On Behalf of | Apr 25, 2024 | Federal Crimes |

Federal obscenity laws stop certain explicit content from spreading on the internet.

The Supreme Court says obscene material is something that an average person thinks appeals to inappropriate interests, shows sexual conduct in a very offensive way and lacks serious value in literature, art, politics or science.

How these laws affect internet content

The internet makes it tough to control obscenity because it’s so widespread. The Communications Decency Act of 1996 tries to handle this by making it illegal to send or show obscene material where kids under 18 can find it.


Federal agencies, like the Department of Justice, work together to catch people spreading obscene materials online.
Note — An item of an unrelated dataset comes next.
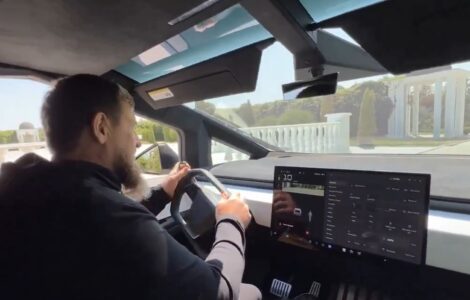 Ramzan Kadyrov řídí vůz Tesla Cybertruck.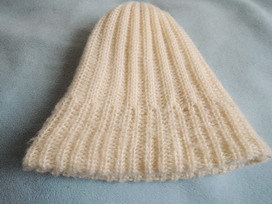 ★とても可愛いくて暖かいです♪手編みの毛糸の帽子です・おしゃれなホワイトでチャーミングなデザイン！★超便利なサービス品付き！_伸ばした感じで被ってもお洒落です♪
They focus on big operations that use websites and digital platforms to share these materials. Prosecutors need to show that the content is obscene, which can change based on local standards.

Challenges with online obscenity

It’s hard to balance people’s rights and control what’s on the internet. As digital platforms grow, new types of possibly obscene content appear. Lawyers often argue about how to apply old obscenity rules to modern digital content. These debates get even trickier because other countries have different rules.

Defense against online obscenity charges

Some defenses against these charges include arguing about the community standards used, claiming the content has serious value, or questioning if the content really fits the strict obscenity definition. They might also check if the evidence was gathered properly.

Understanding and following federal obscenity laws is important for anyone creating or sharing content online. These laws might change as technology and social views evolve, leading to big discussions and possibly new rules in the future.